The entire experience, from the first days when I got triangled by girls half
my size (choking my ego as much as choking my body), to competition days, with
pressure passers and crazy leglock guys... It absolutely changed me - for the
better.

------
i_dont_know_
I'll give you the same advice everyone else is, but word it slightly
differently, because thinking this way really helped me: Be OK in your own
vulnerability.

'Toughness' implies some sort of everything-proof shield that you expose to
different stimulus to gain 'immunity' from it. I've seen advice that follows
this line of thought: eg you quit bathing for a week and become 'immune' to
some specific social judgements, you go to some extreme sport to be 'immune'
from the fear associated with it, etc.

The problem with the above is it starts feeding into this weird 'detached,
tough guy' persona that cracks as soon as you realize something has gotten to
you. You think "oh no, this thing isn't one of the many things I'm immune
from!" and will try to counter it with some sort of extreme, tough-guy
exposure. Until the next thing gets to you. Etc.

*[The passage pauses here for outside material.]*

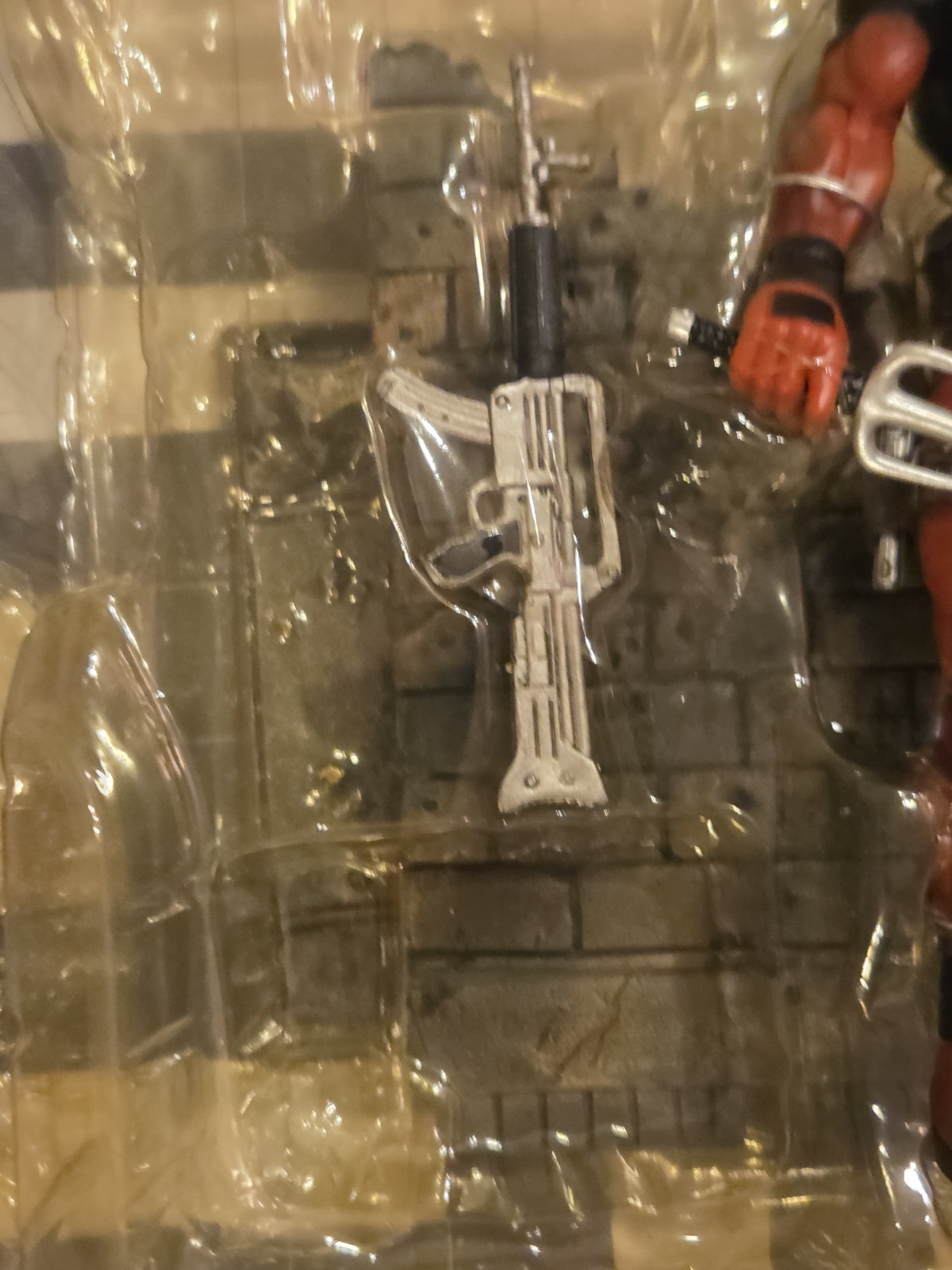 Marvel Select Cable And Deadpool Loose Diamond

Rather than doing that, you should realize what creates the toughness in the
first place: it's being vulnerable (physically, emotionally, intellectually,
etc.) and realizing it's an OK state to be in. Even if you're in a vulnerable
state, you've "got it", you'll make it out of it, it's not the end of the
world, etc.

Now, you can practice this by putting yourself into vulnerable states and
showing yourself that you survive them (but you have to remember to let
yourself generalize so you don't get stuck in the 'tough guy' mentality I
described above) OR you can explore the concept of vulnerability in general
and learn to be OK with it. I recommend the latter :)

To that end, I really liked "the gifts of imperfection".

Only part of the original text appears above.